**MATERIAL SHOWN**:
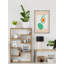 Sliced Avocado by Marmont Hill - Single Picture Frame Painting-2082074949
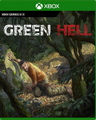 Carátula de Green Hell Xbox Series X|S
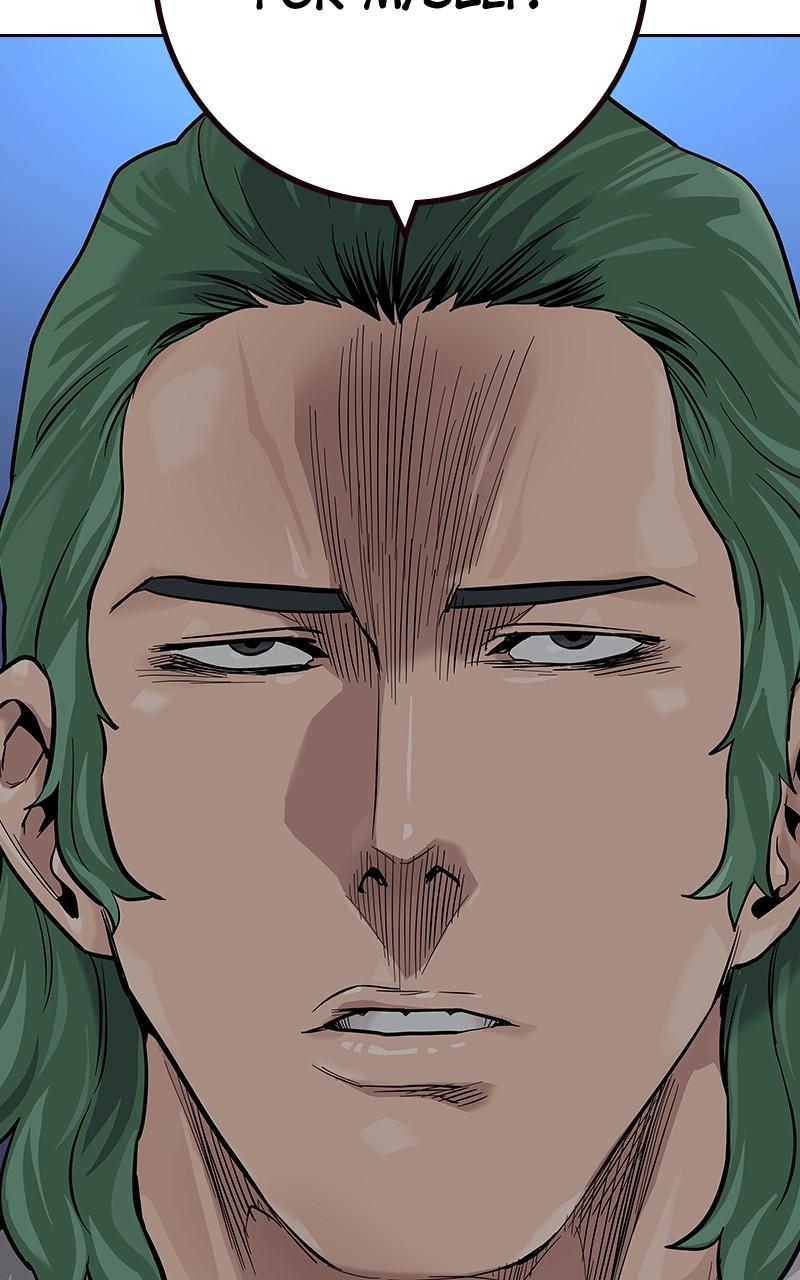 To Not Die Chap 109 - Next Chap 110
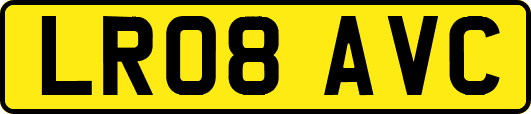 LR08AVC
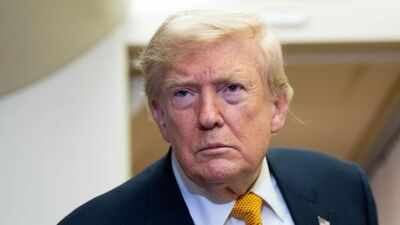 '1,000 missiles locked & loaded': Trump warns Iran, claims 'orders given' if Tehran tries to assassinate him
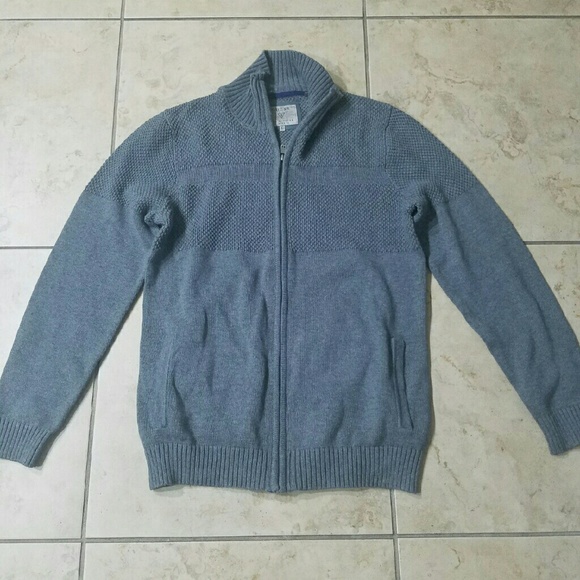 Guess mens sweater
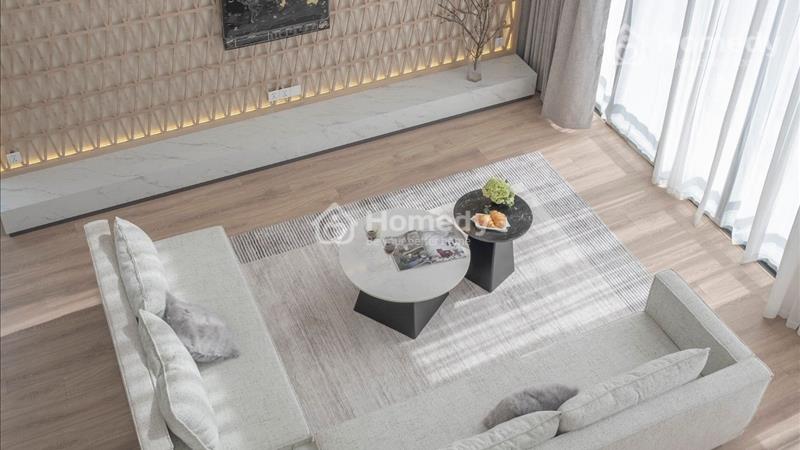 Cho thuê căn 3PN Duplex duy nhất tại dự án One Verandah - Ảnh 1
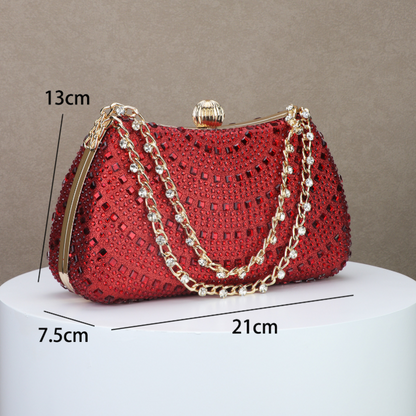 Diamond Purse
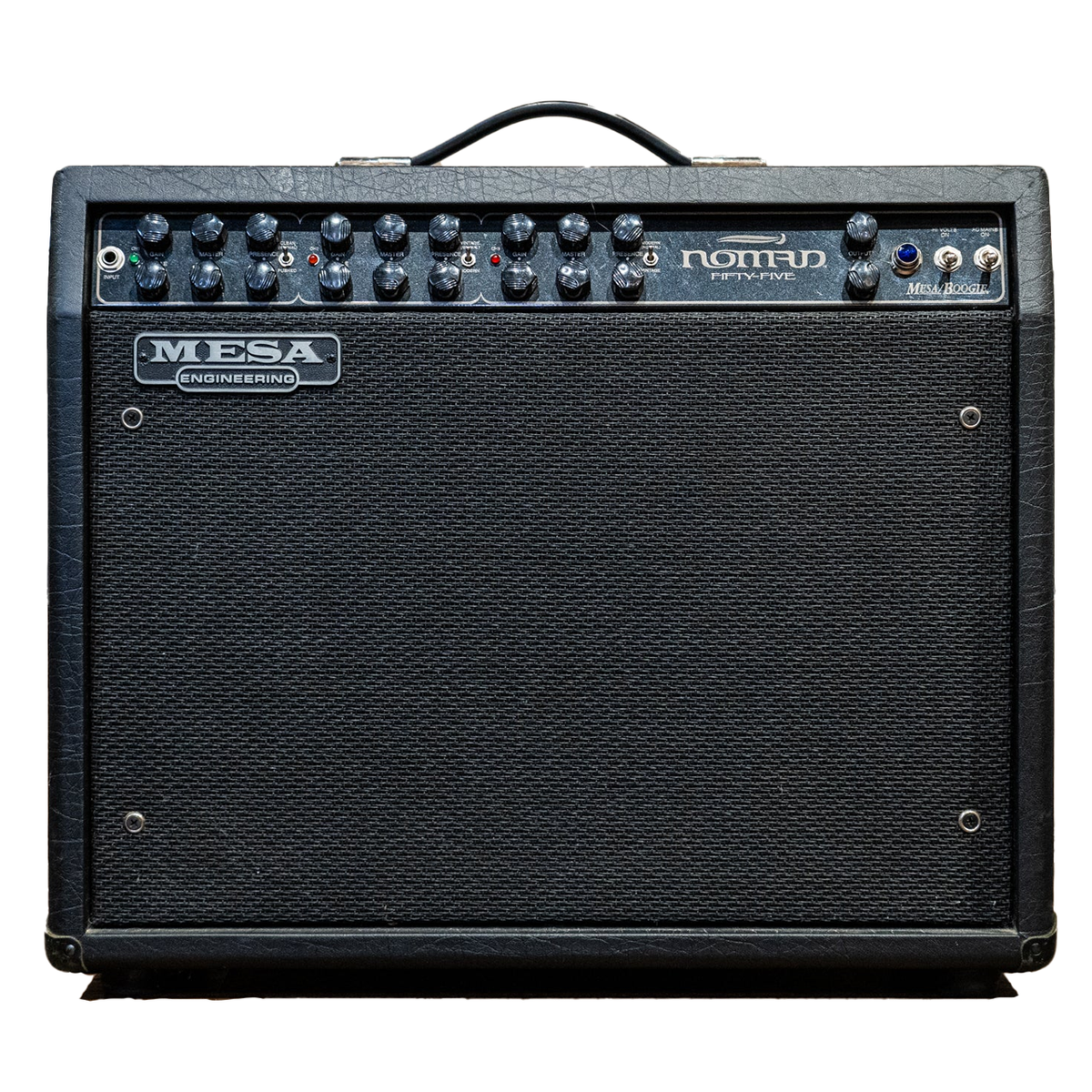Mesa Boogie Nomad 45 Tube Kit Mesa Boogie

**WORK ITEM**:
Where the line with "Carátula de Green Hell Xbox Series X|S" appears, begin there and transcribe exactly through the last line of the data, leaving all pictures aside.

**TASK RESULT**:
 Carátula de Green Hell Xbox Series X|S
 To Not Die Chap 109 - Next Chap 110
 LR08AVC
 '1,000 missiles locked & loaded': Trump warns Iran, claims 'orders given' if Tehran tries to assassinate him
 Guess mens sweater
 Cho thuê căn 3PN Duplex duy nhất tại dự án One Verandah - Ảnh 1
 Diamond Purse
Mesa Boogie Nomad 45 Tube Kit Mesa Boogie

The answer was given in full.